I. First, I review a tree-like sample path decomposition of the GI/GI/1 unfinished work process during a busy-idle cycle. The decomposition is interpretable in terms of the ladders of the associated random walk (and its time reverse) and also in terms of the LCFS preemptive resume discipline (for which there is a dual decomposition of the accumulated work process). (1) Besides providing simple probabilistic derivations of the equations satisfied by the stationary distributions (for the standard queue and the queue with set-up times or vacations), the decomposition generalizes for exponential service times to multiple servers (GI/M/k queue), and leads to a finer cycle analysis and in particular to the calculation of the variance of the various cycle statistics used in queueing estimation of the expected performance and its gradient. (2) For Poisson arrivals (M/G/1 queue) the decomposition provides a mapping between the unfinished (and/or accumulated) work process during a cycle and the random tree of a birth-death branching process with constant birth rate and age dependent death rate (there is a similar mapping for the queue length process which corresponds to the LCFS nonpreemptive discipline). In particular, the number of level crossings at x corresponds to the number of "individuals" alive at "time" x while the family and "life" structure is interpretable in terms of the ascending ladders of the time reversed random walk and/or in terms of the LCFS preemptive resume discipline. This mapping is relevant to a number of issues and in particular to reversibility. (N.B. This connection to branching processes is not the classical one due to Borel, Kendall and I.J. Good). The above observations are due to Shalmon (1985 Mc.Gill, 1988 Prob.Eng.Inf.Sci, 1989 IMS Sheffield Conf, 1991 Bernoulli Stoch.Proc.App Conf, 1993 ORSA-TIMS App.Prob. Conf) although particular aspects can be found earlier in the theoretical and applied probability litterature. The M/G/1 branching decomposition (i.e. for compound Poisson) has been recently generalized to Levy processes by theoretical probabilists.

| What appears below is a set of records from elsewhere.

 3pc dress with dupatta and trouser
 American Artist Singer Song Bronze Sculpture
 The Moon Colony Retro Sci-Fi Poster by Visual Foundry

II. Second, I review early queueing analyses of multiplexors and of tree
traffic concentrating networks. The assumptions are: regenerative ON-OFF
inputs, the ON durations being generally distributed; service FCFS,
prioritized or cyclic; the ON rate of each individual source is
not smaller than the service capacity which furthermore is constant in
network (analytically, nondecreasing in the direction of the traffic
Under these assumptions, it is possible to obtain the complete queueing
analysis (i.e the joint mgf of the waiting times of each source at all
stations in its path):
(i) for the general tree network and the priority or cyclic disciplines.
(ii)for the tandem network with intermediate compound Poisson arrivals. and partial analysis in the general case.
These analyses are based on sample path decompositions and (embedded) reductions to the M/G/1 queue.